Chapter 1
Chapter One
Aislinn
MY HUSBAND’S FUNERAL is crowded. Not with people who loved him or genuinely miss him, but with Washington, DC’s elite, politicians and bankers and investors who have shown up to supposedly pay their respects as they all play the same game of pretending they care.
Just like Dexter would have wanted.
I shake someone’s hand, listen to their lies about what a great man Dexter was. I bite back the bitter words that clog my throat and simply nod. Hopefully most will chalk it up as grief or at least have the decency to pretend like this is a normal funeral.
Pretend like most of us in this room aren’t glad Dexter is dead.
I can feel them watching me. Once upon a time I would have felt the weight of every curious gaze, every suspicious glance and pitying smile.
Would have been thinking of the newspapers’ lurid headlines speculating if Dexter Simpson’s wife, a woman nearly half his age who married him in a whirlwind romance just months before his unexpected death, had a hand in his demise.
Now, I feel nothing. Just emptiness. An emptiness that has helped me survive the past ten months since Dexter slithered into my life. Ten months since I had to cut the two people I loved most in this world out of my life.
Tears finally prick my eyes. Diana has texted me faithfully once a week. I hope one day I can tell her how much those texts have meant to me, gotten me through some of the worst days of my life.
And Liam…
My heart twists, tightens. I can’t think of Liam. I owe Dexter nothing. But thinking about my friend I’ve been secretly in love with since I was seventeen while greeting people at my husband’s funeral is a low I have no desire to sink to.

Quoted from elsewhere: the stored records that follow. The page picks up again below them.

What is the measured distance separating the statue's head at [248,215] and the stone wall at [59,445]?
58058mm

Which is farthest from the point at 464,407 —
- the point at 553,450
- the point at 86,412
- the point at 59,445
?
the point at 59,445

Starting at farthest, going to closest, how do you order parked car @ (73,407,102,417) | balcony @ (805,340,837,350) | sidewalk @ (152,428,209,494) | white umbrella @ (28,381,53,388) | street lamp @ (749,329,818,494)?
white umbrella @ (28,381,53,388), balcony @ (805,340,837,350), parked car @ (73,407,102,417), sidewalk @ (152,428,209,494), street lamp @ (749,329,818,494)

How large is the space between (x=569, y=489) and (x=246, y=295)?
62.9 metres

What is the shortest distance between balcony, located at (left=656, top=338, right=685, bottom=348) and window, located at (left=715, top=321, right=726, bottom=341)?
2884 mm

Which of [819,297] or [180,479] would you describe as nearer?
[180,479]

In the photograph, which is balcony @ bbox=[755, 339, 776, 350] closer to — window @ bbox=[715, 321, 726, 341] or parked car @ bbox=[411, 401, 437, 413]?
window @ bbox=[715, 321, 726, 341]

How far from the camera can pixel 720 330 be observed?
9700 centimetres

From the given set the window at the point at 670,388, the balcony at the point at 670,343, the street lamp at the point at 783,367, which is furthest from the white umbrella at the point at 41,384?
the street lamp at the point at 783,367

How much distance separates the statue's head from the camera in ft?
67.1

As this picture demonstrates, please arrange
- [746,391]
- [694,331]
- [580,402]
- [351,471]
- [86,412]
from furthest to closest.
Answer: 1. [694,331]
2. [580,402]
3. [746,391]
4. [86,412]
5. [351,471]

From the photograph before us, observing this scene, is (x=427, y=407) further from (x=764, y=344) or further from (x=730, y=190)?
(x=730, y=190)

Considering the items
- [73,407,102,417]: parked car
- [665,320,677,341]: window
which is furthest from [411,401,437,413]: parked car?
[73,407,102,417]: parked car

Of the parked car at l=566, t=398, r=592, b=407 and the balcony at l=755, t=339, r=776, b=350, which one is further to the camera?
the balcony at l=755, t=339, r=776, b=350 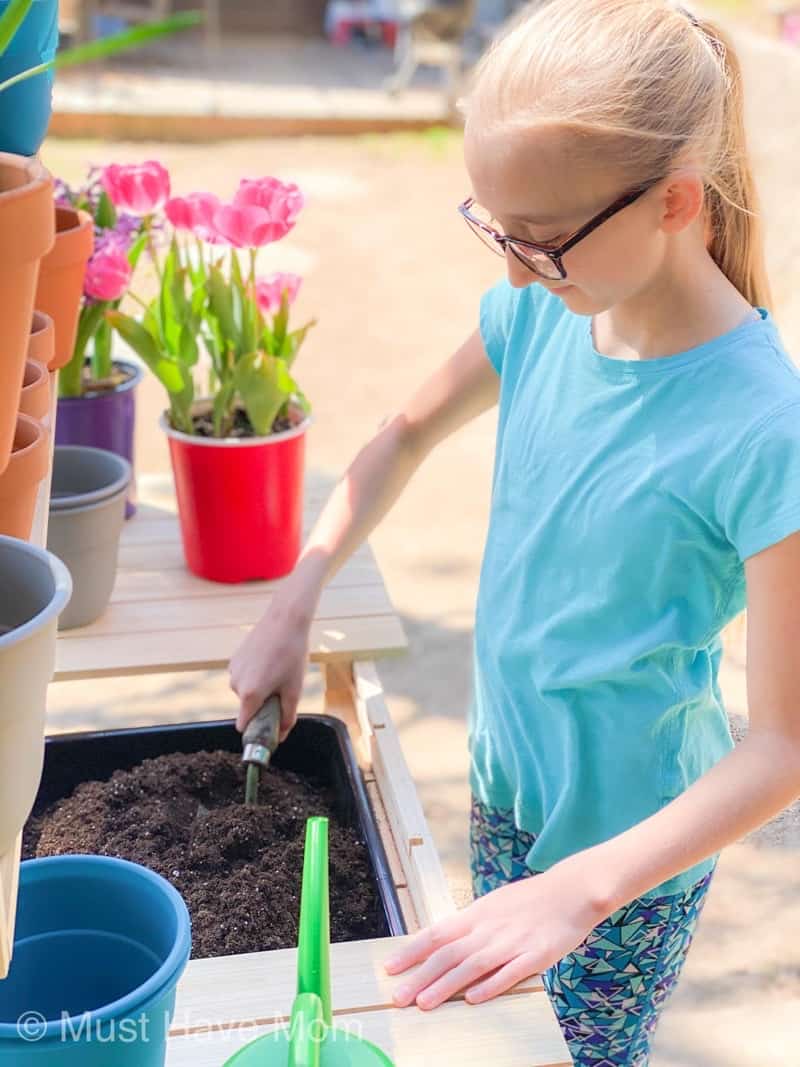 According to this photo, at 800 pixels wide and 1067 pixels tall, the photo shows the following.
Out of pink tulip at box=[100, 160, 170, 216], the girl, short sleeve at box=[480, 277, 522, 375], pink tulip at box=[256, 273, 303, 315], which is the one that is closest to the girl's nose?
the girl

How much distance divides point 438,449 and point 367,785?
297cm

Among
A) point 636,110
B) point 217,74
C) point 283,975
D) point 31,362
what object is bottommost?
point 217,74

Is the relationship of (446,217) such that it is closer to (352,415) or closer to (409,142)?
(409,142)

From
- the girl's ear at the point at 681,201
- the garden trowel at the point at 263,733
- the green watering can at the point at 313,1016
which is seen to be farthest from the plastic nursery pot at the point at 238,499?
the green watering can at the point at 313,1016

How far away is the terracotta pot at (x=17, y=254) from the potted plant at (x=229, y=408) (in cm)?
91

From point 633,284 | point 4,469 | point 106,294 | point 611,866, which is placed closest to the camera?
point 4,469

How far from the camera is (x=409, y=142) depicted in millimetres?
8477

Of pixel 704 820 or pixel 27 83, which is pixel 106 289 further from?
pixel 704 820

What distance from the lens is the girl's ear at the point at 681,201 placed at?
1.00m

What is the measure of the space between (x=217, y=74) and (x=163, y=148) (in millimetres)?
1812

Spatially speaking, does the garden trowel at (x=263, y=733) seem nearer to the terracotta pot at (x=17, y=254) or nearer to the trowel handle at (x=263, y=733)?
the trowel handle at (x=263, y=733)

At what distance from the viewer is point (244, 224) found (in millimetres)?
1583

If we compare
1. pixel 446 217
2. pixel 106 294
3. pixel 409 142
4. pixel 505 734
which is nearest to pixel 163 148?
pixel 409 142

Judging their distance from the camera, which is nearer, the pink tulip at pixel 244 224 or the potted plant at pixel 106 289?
the pink tulip at pixel 244 224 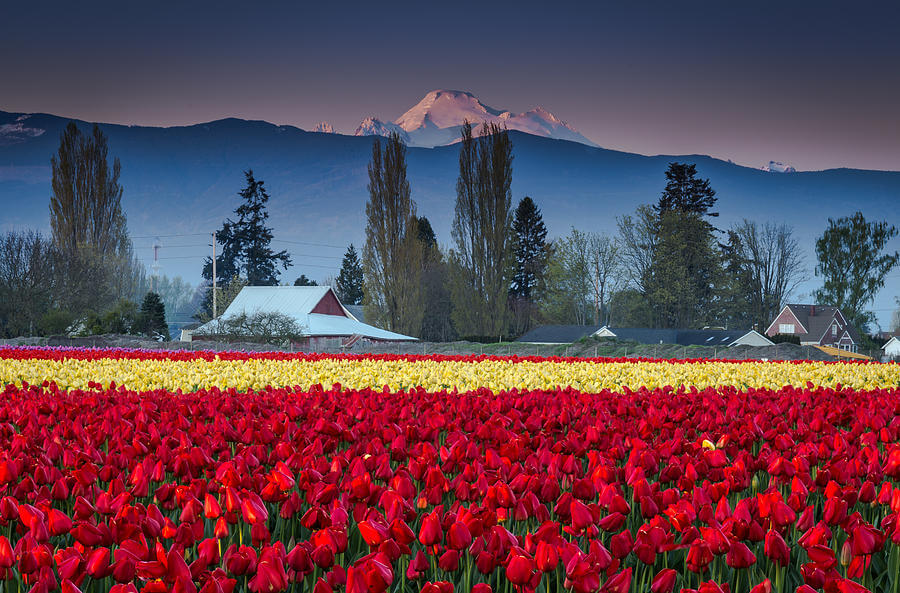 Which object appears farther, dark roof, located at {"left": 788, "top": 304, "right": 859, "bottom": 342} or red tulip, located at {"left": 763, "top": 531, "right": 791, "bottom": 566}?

A couple moves forward in the endless line, older and dressed in black couture. They tell me how sorry they are. Out of the corner of my eye, I see my parents hovering.
Adoptive parents, I remind myself. Dexter threatened to destroy Liam and Diana’s careers if I didn’t sever our friendship. But he wanted my parents as close as possible. He couldn’t exploit his familial connection to a US senator if I didn’t maintain a relationship with my family.
I did think of them as family once. Thought I was the luckiest girl in the world to be adopted just before I aged out of foster care, and by a renowned politician and his wife no less.
A fairy tale come true. I thought the man I called “father” was different.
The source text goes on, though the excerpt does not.